How many percent of the visible light reaching the Earth are from other stars than the Sun? How many percent of the whole visible light reaching the Earth are from other stars than the Sun?
Is it maybe 0,5 - 1% or is my guess already too much?
I am interested mainly in visible light, but if you have knowledge about other parts you can drop it too ;)
 A: According to this site
http://en.wikipedia.org/wiki/Apparent_magnitude
It should be around 0.000001%.
Because the "The total integrated magnitude of the night sky as seen from Earth" is -6.5 and the sun is -26.74. 2.512^20.24 = 125 million.
A: The ratio of starlight to sunlight is much, much smaller than 0.5%. A value of 0.0000001% is far more accurate.
A: I don't know the exact number but I want to support Johannes' claim that the percentage is way smaller by a calculation.
Most of the light arguably comes from the Milky Way - especially the strip that gave name to the galaxy. The diameter of the Milky Way is 100,000-120,000 light years so the median star's distance is something like 50,000 light years away from us. That's approximately $3\times 10^{9}$ times longer a distance than those 500 seconds for the Sun. One must square the distance ratio to get the light power ratio, about $10^{17}$, between the Sun and the typical Milky Way star. Even when $10^{-17}$ is multiplied by the number of stars in the Milky Way, about $1-4\times 10^{11}$ stars, one gets $1-4$ parts per million of the light, also assuming that the Sun is an average-size star. My estimate is 3 orders of magnitude greater than Johannes' but it's still vastly smaller than 0.5%.
Just to check, Sirius is the brightest star in the sky.
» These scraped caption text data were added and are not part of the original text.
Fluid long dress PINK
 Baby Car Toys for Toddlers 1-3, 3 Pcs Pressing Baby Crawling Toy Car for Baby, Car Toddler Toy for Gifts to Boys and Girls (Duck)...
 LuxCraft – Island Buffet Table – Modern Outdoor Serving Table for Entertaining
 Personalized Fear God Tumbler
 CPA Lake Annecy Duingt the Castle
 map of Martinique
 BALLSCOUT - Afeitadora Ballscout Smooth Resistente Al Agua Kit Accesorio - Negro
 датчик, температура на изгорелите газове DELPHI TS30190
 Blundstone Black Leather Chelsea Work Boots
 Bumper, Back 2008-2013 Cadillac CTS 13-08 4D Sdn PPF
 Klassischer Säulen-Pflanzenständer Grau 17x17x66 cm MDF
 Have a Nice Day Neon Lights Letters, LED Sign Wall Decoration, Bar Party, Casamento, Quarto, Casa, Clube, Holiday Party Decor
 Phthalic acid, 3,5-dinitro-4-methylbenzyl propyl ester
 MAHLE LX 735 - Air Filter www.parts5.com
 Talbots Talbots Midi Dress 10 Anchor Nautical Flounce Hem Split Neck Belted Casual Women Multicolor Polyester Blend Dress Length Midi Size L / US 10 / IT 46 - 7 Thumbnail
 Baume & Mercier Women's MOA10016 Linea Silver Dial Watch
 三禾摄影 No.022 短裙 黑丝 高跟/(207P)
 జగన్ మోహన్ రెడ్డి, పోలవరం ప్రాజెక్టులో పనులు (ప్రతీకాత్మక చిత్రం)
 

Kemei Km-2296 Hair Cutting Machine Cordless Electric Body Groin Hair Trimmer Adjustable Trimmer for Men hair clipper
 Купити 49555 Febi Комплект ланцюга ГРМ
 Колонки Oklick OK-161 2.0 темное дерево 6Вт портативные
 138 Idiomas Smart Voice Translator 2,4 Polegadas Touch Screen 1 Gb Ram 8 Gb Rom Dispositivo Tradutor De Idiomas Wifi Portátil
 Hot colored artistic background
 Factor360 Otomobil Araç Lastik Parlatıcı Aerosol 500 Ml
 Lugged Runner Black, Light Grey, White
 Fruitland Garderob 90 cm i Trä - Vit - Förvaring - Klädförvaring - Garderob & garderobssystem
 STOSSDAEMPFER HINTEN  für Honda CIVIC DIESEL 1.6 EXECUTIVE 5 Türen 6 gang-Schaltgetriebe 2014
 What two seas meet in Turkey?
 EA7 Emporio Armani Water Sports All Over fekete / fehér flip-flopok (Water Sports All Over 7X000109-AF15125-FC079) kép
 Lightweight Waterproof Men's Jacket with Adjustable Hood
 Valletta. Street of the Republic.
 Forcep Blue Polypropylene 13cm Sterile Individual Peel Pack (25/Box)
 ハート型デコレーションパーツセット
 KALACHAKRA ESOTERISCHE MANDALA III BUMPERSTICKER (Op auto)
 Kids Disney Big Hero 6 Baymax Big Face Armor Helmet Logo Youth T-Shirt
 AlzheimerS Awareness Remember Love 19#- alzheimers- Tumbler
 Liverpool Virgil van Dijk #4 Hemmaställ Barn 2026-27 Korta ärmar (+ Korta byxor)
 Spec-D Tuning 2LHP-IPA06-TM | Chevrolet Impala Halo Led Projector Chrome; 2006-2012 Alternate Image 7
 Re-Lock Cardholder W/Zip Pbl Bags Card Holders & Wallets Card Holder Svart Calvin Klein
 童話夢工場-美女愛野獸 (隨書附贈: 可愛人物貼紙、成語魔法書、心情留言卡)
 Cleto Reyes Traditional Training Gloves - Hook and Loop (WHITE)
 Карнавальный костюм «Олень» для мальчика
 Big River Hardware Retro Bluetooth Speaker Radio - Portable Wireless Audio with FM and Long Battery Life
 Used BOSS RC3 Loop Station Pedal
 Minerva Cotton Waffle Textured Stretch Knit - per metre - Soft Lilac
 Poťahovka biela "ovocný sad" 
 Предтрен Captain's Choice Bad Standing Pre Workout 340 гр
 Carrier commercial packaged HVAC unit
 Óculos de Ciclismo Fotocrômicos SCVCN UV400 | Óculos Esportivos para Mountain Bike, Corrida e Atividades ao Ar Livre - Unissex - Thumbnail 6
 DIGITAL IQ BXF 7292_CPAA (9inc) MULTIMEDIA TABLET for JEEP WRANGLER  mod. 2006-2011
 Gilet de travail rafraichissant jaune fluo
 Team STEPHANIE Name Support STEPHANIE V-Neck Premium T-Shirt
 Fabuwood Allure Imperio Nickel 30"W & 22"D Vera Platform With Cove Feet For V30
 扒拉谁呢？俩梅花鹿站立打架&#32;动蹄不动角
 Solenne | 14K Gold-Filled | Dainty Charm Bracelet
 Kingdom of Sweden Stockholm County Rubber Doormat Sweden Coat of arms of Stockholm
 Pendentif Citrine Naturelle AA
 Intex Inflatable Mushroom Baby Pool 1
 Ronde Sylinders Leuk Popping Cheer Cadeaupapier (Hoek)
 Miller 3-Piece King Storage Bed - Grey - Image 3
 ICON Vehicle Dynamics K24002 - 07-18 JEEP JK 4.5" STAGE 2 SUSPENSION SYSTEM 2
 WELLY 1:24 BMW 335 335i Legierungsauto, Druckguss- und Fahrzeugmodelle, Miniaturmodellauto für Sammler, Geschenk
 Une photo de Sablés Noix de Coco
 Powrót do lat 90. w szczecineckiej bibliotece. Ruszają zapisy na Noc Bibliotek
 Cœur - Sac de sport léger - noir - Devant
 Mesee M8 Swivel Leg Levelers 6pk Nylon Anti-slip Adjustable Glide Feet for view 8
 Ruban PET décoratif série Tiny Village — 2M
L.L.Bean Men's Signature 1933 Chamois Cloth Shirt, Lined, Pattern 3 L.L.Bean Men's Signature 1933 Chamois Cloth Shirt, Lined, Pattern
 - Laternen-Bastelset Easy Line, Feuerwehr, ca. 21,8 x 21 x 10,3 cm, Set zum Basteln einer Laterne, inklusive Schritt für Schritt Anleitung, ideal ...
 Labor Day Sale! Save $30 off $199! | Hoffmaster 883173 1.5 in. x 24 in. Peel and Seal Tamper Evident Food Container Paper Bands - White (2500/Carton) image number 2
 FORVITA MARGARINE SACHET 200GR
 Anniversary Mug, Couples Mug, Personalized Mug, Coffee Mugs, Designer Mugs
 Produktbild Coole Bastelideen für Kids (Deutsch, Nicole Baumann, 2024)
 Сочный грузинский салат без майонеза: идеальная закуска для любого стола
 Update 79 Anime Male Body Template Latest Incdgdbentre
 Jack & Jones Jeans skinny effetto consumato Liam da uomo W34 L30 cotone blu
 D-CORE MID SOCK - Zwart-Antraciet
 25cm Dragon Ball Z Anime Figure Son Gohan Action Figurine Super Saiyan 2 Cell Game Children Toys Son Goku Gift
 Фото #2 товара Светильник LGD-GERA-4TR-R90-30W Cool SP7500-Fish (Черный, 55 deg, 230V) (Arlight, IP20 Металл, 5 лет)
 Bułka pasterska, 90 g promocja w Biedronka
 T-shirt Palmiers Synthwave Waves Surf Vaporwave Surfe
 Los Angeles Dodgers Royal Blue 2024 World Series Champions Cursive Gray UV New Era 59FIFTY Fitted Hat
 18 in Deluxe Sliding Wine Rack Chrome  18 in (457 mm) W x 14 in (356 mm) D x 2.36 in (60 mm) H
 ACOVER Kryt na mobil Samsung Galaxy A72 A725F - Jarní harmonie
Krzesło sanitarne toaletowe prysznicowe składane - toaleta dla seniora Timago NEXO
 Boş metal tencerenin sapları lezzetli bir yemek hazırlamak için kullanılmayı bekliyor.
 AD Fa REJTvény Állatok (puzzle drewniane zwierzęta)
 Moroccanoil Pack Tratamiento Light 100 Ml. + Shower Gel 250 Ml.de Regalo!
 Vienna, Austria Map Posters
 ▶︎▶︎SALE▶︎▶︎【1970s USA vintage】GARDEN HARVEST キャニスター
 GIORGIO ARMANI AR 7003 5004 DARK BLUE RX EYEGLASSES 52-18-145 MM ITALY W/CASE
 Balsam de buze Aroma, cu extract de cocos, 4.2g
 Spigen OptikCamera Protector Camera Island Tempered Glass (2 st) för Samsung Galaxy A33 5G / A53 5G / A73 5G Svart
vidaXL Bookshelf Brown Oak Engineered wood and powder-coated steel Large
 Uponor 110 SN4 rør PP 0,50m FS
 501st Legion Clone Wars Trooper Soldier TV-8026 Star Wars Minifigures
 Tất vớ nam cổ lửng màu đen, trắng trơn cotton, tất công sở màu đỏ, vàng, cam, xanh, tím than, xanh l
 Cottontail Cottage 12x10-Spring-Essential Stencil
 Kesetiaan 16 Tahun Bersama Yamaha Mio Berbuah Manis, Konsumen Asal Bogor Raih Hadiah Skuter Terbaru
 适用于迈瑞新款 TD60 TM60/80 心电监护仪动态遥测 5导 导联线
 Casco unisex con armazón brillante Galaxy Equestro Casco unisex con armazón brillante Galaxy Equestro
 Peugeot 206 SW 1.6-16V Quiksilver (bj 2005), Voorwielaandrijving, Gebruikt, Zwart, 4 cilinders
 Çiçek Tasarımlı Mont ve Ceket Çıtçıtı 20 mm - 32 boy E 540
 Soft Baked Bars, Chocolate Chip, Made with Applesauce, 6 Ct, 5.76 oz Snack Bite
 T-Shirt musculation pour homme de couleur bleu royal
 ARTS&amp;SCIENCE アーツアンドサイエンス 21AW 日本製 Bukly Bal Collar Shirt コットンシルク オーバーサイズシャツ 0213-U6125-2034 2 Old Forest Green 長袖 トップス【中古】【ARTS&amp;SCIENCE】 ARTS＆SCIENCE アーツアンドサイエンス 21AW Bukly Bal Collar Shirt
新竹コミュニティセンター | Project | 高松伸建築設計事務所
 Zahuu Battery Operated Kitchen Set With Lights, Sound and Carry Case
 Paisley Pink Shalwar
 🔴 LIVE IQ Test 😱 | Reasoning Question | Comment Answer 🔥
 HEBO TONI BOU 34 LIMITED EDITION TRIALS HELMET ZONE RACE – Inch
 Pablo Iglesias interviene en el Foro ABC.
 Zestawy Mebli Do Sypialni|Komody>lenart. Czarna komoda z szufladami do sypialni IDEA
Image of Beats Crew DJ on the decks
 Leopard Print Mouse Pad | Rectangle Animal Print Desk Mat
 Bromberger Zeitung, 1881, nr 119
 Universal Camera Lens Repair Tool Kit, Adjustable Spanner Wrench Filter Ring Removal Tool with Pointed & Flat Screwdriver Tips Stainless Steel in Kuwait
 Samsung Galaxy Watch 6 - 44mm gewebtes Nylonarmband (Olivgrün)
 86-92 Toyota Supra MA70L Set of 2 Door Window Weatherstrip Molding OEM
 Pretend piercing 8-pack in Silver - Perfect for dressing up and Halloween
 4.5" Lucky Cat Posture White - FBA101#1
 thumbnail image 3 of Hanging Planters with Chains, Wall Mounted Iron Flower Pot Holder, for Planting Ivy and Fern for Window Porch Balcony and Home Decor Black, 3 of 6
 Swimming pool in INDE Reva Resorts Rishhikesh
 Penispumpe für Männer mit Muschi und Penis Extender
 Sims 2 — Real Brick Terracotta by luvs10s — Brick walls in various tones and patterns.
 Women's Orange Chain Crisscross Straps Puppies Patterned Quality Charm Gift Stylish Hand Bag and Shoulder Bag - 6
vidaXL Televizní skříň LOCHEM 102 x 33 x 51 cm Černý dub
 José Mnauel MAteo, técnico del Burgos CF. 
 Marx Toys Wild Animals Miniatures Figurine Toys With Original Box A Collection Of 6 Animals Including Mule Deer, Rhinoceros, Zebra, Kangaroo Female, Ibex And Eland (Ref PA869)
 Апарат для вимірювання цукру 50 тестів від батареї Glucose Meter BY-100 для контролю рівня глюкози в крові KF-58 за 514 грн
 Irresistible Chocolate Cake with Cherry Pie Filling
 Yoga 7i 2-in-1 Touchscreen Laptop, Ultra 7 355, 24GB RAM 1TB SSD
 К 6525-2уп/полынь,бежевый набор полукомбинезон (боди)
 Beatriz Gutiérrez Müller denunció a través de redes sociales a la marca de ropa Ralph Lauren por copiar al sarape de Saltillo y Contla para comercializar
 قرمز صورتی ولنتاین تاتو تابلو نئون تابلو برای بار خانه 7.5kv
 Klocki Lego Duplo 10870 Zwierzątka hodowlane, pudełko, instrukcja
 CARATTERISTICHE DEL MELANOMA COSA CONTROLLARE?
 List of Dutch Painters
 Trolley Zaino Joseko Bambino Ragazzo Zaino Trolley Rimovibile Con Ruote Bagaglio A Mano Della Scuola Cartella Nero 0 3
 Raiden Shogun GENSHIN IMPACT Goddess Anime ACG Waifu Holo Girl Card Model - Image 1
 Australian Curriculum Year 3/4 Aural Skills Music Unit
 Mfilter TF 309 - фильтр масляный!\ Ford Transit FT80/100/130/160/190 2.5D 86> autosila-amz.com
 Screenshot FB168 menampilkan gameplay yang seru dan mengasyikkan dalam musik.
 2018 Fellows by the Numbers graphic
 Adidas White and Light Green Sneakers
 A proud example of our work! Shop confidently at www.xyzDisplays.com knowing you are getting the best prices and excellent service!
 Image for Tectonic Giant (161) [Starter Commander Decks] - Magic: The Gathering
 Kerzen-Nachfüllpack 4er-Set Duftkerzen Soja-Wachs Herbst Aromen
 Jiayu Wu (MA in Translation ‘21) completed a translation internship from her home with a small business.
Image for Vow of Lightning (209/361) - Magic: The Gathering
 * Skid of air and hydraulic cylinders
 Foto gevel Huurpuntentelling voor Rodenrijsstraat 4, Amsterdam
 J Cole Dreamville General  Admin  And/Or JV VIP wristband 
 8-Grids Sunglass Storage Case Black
It's 25 times brighter than the Sun but it's 9 light years away, which is $500,000$ times further than the Sun. Square it and divide 25 by it to get $10^{-10}$. That's the fraction of the sunlight obtained from Sirius. You see that it's much smaller than the result for the generic Milky Way stars above, so individual bright (and mostly nearby) stars are unlikely to topple the statistical estimate. The weakest point of the statistical estimate is that the Sun isn't quite the average star.
One may also check the contribution from other galaxies. There are about $2\times 10^{11}$ galaxies in the Universe. However, even if you decide that the average distance from us is 5 billion years only, shorter than half of the age of the Universe, it's 100,000 times further than the average Milky Way star discussed above (50,000 light years). Square it to get $10^{10}$ for the ratio. If you multiply $10^{-10}$ by $10^{11}$, you actually conclude that the total light from other galaxies is about 10 times greater than the total light from the Milky Way. But that's probably an overestimate because much of the very distant galactic light is redshifted, absorbed, and the older galaxies may have a lower luminosity. At any rate, it's unlikely that they will drive us above 1/100,000 of the sunlight.
Finally, instead of trying even more distant stars, let me mention that there is also the Moon in the sky. It's actually dominating or almost dominating the luminosity at night, except for the new moon or eclipses. In average, we get 1 milliwatt from the moonlight which is 1/300,000 of the Sun's 342 Watts (averaged over places, seasons, day cycles). That's about the same what I got for the total strip of stars in the Milky Way – 3 parts per million of the Sun – but my estimate of the stars was probably an overestimate and I believe the Moon is brighter than the Milky Way combined.
A: According to Ahad's constant = 1/300th full moon

Ahad's constant = (magnitude of stars) + (magnitude of milky way)

= (-6.0) + (-5.1) = -6.5 mags net (1/300th of a Full Moon).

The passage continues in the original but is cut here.